§ **Entries taken from a collection**:
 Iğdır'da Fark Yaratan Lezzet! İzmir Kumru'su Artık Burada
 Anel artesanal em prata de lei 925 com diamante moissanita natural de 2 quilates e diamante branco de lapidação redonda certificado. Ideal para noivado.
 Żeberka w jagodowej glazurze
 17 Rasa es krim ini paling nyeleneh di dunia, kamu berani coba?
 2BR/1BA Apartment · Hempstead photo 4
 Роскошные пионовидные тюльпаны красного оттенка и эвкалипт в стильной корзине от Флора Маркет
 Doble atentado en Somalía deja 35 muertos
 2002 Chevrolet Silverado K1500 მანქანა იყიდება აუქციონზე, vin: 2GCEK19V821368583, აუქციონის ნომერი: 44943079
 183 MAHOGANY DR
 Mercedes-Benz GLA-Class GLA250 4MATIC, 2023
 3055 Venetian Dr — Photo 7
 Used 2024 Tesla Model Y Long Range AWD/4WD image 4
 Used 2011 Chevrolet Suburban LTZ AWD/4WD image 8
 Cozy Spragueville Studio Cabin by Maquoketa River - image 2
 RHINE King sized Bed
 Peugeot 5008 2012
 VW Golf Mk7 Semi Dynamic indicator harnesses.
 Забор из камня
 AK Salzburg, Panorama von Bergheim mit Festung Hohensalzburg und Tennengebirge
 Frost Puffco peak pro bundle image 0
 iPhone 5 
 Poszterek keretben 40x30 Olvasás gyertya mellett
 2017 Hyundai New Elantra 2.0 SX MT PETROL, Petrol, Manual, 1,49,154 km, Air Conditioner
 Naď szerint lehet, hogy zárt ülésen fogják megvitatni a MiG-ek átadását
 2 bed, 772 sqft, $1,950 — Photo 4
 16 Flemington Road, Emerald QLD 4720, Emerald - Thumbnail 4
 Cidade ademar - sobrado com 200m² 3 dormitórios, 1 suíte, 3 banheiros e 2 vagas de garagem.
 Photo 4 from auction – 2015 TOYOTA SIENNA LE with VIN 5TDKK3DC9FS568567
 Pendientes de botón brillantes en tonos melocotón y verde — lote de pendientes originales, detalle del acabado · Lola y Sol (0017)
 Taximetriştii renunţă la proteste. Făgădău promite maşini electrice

§ **Problem details**:
Keeping every character as it is, restate the lines above that run from the line with "Used 2011 Chevrolet" through the line with "Naď szerint lehet, hogy", both included, and nothing else.

§ **Completed task**:
 Used 2011 Chevrolet Suburban LTZ AWD/4WD image 8
 Cozy Spragueville Studio Cabin by Maquoketa River - image 2
 RHINE King sized Bed
 Peugeot 5008 2012
 VW Golf Mk7 Semi Dynamic indicator harnesses.
 Забор из камня
 AK Salzburg, Panorama von Bergheim mit Festung Hohensalzburg und Tennengebirge
 Frost Puffco peak pro bundle image 0
 iPhone 5 
 Poszterek keretben 40x30 Olvasás gyertya mellett
 2017 Hyundai New Elantra 2.0 SX MT PETROL, Petrol, Manual, 1,49,154 km, Air Conditioner
 Naď szerint lehet, hogy zárt ülésen fogják megvitatni a MiG-ek átadását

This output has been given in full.